You can’t select the right mic purely by objective criteria. The most important criterion is sound. Sound is subjective, so trust your ears and don’t pay too much attention to datasheets. Large diaphragm microphones are not designed to be ultra neutral or linear. If that’s what you want, a small diaphragm condenser may be a better choice. Large diaphragm condensers are supposed to produce a full “larger-than-life” sound. That’s not something you can express in numbers.|
Nonetheless, a few technical figures do give you hints about how usable a particular mic is in typical situations. The most important figure for a condenser mic is self-noise. In pop music recordings, almost any signal passes a dynamics compressor, an EQ or some other processor that adds some noise. The lower noise your mic signal, the more “leg room” you have for additional processing in the recording chain and/or during mixing.

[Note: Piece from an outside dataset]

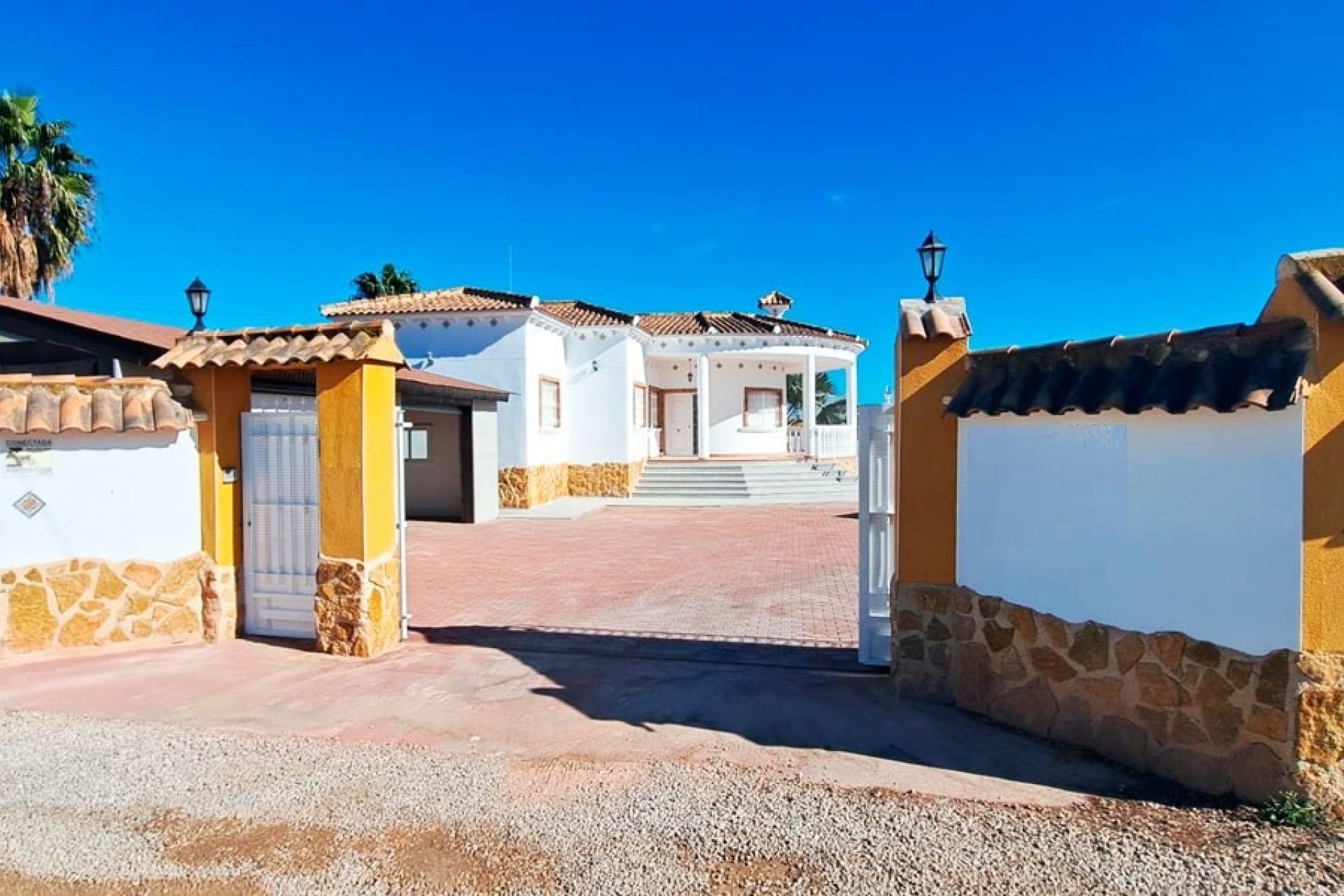Resale - Country House -
Catral - Catral - Country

Maximum SPL is rarely an issue, at least in home recording environments. Mics that reach 130 dB-SPL or more will never cause any trouble in that department. Sensitivity is not a very interesting figure for condenser mics, Their output level is always quite hot due to their internal amplifier electronics. You can safely ignore impedance and frequency response data. Impedance is always low enough on condenser mics; frequency response figures are notoriously inaccurate and don’t say much about the actual sound, anyway.
Low cut/hi pass and pad switches are useful extras. Even more useful is a good shock mount.